Beijing needed testing grounds for risky investments.
Poorly governed, resource-rich countries with exploding populations that are hungry for investment: Africa and Central Asia have much in common. Both are also aggressively courted by Chinese investors, these days under the catch-all Belt and Road Initiative, or BRI.
Africa got a head start, however, and could offer some lessons for Central Asia, said Cobus van Staden of the South African Institute of International Affairs, during a recent presentation at Harvard University.
“In a lot of ways, Africa was a small-scale testing ground for what’s now being called the BRI,” van Staden, a senior researcher on China-Africa relations, said on October 23 at the Davis Center on Russian and Eurasian Studies.
Decades ago, long before it became feared in the West as an existential business threat, China was looking to gain experience.

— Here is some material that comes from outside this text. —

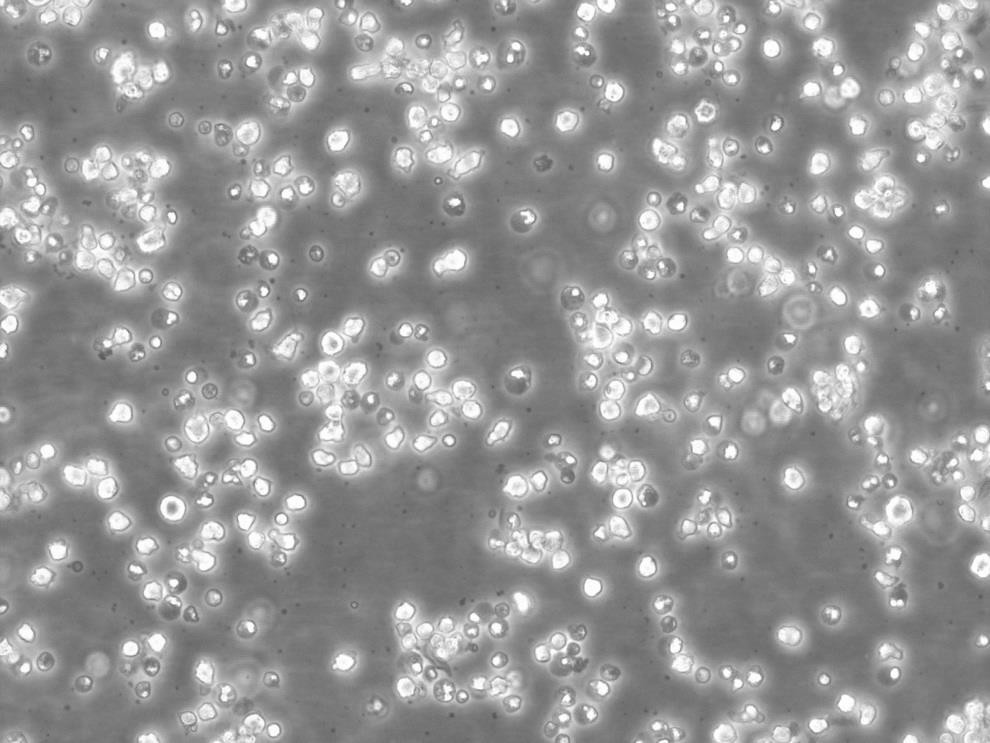 P31/FUJ Lymphoblastoid cells人急性单核白血病细胞系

It needed resources and it needed a place it could invest without a lot of competition, van Staden explained: “This frequently translated to China moving into high-risk environments, frequently in areas that were left open for a reason by more established Western actors” – places like Sudan and Angola. Western companies didn’t want to work in such difficult conditions, with such uncertain payoffs. Chinese state-owned enterprises, however, “managed to get international experience in these [challenging places] where if something went crazily wrong it wasn’t like it went wrong in New York. If it were a failure, it was a failure in a relatively contained environment that didn’t have a lot fallout elsewhere.”
Additionally, African leaders were happy because they “could go from discussion to implementation in a year or two years, whereas World Bank projects – well, in the first place, these projects weren’t being funded by the World Bank at all and, even if they were, it would take a decade.”
Yet this investment surge has not been without controversy on the ground, said van Staden. Some examples:
Zimbabwe faced public backlash when it agreed to install facial-recognition cameras around the capital. The cameras came cheap, but the data is being collected and sent to China to assist AI machines struggling to distinguish dark-skinned faces. Eurasianet has reported similar fears about cheap or free Chinese surveillance technology flowing into Kazakhstan, Uzbekistan and Kyrgyzstan.
On the Indian Ocean island of Lamu, a UNESCO World Heritage Site, Kenya was going to use Chinese financing and a Chinese contractor to build a coal-fired power plant. Civil society organizations sued and a court shut the project down.
And a story from Tanzania will sound familiar to anyone who has followed protests over Chinese mining or farming in Kyrgyzstan and Kazakhstan. There, back in 2012, Chinese companies installing gas pipelines faced violent protests from local communities who felt they had not been adequately consulted by their government about the project.
“There tends to be an assumption within China that if a country is on board with a project, that means the local communities will be on board as well. And that in Africa, of course, is not the case,” van Staden said. “In many cases in Africa the local community was not informed of what the central government decided, or not consulted. And the local community often has a powerful disruptive role.” Same goes for Central Asia.
Some of these cases belie the “win-win” argument Beijing often uses in developing countries – the idea that everyone benefits from Chinese largesse. This, he said, “is problematic because it doesn’t take into account the incredible differences in power between China and its various African partners.”
On the other hand, cases like Zimbabwe, where the government has backtracked on the facial-recognition technology after a public outcry, raise questions about decision-making agency: A developing country “might have a lot less agency than China but that doesn’t mean it has no agency,” van Staden cautioned. One mustn’t assume “that African governments are so weak or so corrupt that they can’t or won’t exercise control over the relationship.”
As in Africa, Central Asian politicians have found themselves walking a fine line with Chinese investment. “China can be used as a stick to beat an incumbent politician,” van Staden said of Africa. “There can be talk about how an incumbent party is in the pocket of China.” That is true also in places like Kazakhstan and Kyrgyzstan, two countries where ties to China are increasingly a liability.